Sunday, November 8, 2015

Autumn Creature Feature

This is the best view we could get of a Wood Duck that inhabited the back pond (I don't know what else to call it now, it's beginning to suggest permanent). About two months ago the ducks began congregating, yet I was so busy I didn't realize what was happening. A few weeks later, while felling trees, we noticed on the ridge a steady stream of walking ducks. It went on for minutes, there must have been one hundred! They are extremely skittish and do not let you get close, but I had been listening to their squeaky swing set sound for weeks. It wasn't until the parade that I understood we had a large congregation. One day, a week or so ago, they began flying over the house, rounding back to land on the lawn. Then they were gone.

Last year I did my best to save the frogs from what I thought was a frog trap. But now I'm beginning to think they want to be in this pit -the soil cut and retained around our basement, code required, egress window. I count at least thirteen in this portion of the pit, but there are more. You may also see the blue-spotted salamander to the left of the blue, roofer's trash. Next summer this pit will be excavated, probably retained with a galvanized steel, and a new, rot-proof, egress window installed. What will happen to this amphibian paradise?

Apparently, in autumn, the best house painting days are also the best days for lady bugs to seek out their death chamber. By the thousands on a warm, breezy day, a couple of weeks back, they swarmed the house. On their backs, stuck to the paint I eagerly applied, they became such a nuisance I had to quit. Several left defensive trails, "reflex bleeding" as it is known, on the paint that had dried. Once in the house they strive for light, which tends to be the light fixtures on at night. Look up at the plastic lens to see all the dark splotches of recently passed Coccinellidae. Don't bother cleaning it until winter sets in. They are stubborn too. When you try to coax them into your hand or onto a piece of paper they hunker down or, just as frequently, as they climb walls and windows, they simply drop to the floor, sometimes spreading wings to fly to another location. While gardeners love ladybugs, I have entered a new relationship to them that is, well, a little bit more complicated, and I well-learned not to paint the house after labor day.

Squirrels. This one had no idea I was standing there, silently waiting for Wood Ducks to come by. They didn't. Look at how auburn it is -for a gray squirrel. The posture resembles a man in a Godzilla suit, and by most people's reactions to them, squirrels may as well be Godzilla. Me? I still like them, they do not bother us or the house, we don't feed birds so I have no self-interested reason to despise them, and I'm pretty sure they're having more fun in the woods than any other animal. There is one thing I have learned. I always thought it was squirrels dropping all those acorns in the back yard. It's not. Bluejays. Autumn is the season of bluejays. They knock the acorns down and then do their level best to stuff them in their mouths, then fly away to stash them.

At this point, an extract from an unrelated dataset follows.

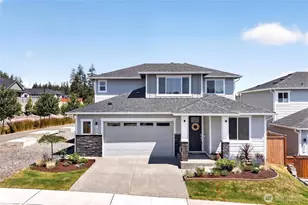 3847 SW Bigler Wy, Port Orchard, WA 98367 - Photo 1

Even though I grew up in an oak forested area where gray squirrels and bluejays were the most common animals, I never recognized this behavior until this autumn.


  1. That red one is a grey/gray squirrel? And saying, Me? Moi? MOI???

    I also still like them, thought now they dig the rows of greens up and are chased, occasionally.

    1. What is it that compels me to use "grey" to modify some words, and "gray" for others?